Black Student Union highlights black experiences, culture

Ellie White, News Editor

Members of the GBN Black Student Union gather to discuss black identity in America at a meeting. The BSU was created with the goal of spreading more awareness on issues the black community faces. Photo by Carly Uhlig

Glenbrook North’s Black Student Union, also known as the BSU, is a new club that was started by senior Lauren McGinnis and junior Sofia Thompson. The BSU is both a cultural club and a safe space for black students at GBN.

According to Thompson, the BSU is a place where students of all different backgrounds can gather to discuss and educate themselves on issues the black community faces, both at GBN and around the nation.

“I thought that [the BSU] was something GBN needed,” said Thompson. “It provides a space where black students can be vocal about [the] issues they face.”

McGinnis said she tries to make meetings fun with discussions and food. She wants to include cultural activities such as trying soul food, a black ethnic food that originates from the south. Outside of club meetings, McGinnis said she wants to have movie nights and field trips to get people more involved.

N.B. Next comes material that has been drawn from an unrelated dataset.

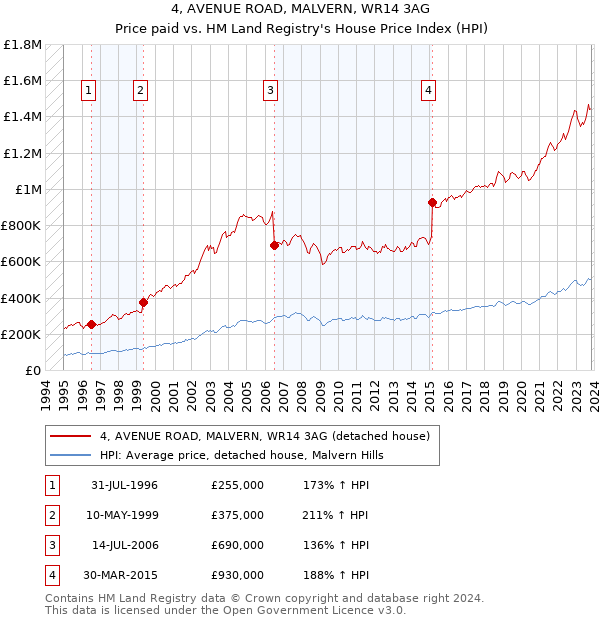 4, AVENUE ROAD, MALVERN, WR14 3AG: Price paid vs HM Land Registry's House Price Index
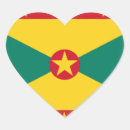 Suche nach flagge von grenada aufkleber Grenadisch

Social studies teacher Sarah Ilie, who is a sponsor of the BSU, said the club plans on including discussions about different  racial or cultural experiences.

“Whether [the experiences are] positive or negative or neutral, it’s an opportunity for us to share stories, which is a big part of cultural diversity,” Ilie said.

According to McGinnis, a concern when creating the club was the level of student interest.

“The Black Student Union is not just for black students, just like [the Gender-Sexuality Alliance] isn’t just for LGBTQ students,” said McGinnis. “We have allies. White students or students of any color are welcome to come to the club.”

McGinnis said she is hopeful that more people will join the BSU once fall sports are over.

Michael Tarjan, assistant principal of Student Activities, said he thinks the BSU can be educational for the community at large.

I’m hopeful that [the BSU is] able to help organize different events throughout the year that get the word out about their culture and their experiences,” Tarjan said.

The BSU meets at 7:15 a.m. in Room A220 on the second Tuesday of each month.

Thompson said if students go their entire lives without being told that what they say is intolerant, then others will think that intolerance is acceptable.

“It’s just an endless cycle of ignorance and that’s what I want to try and stop,” said Thompson. “I want to educate kids because some … have no idea what the impact of their words carry.”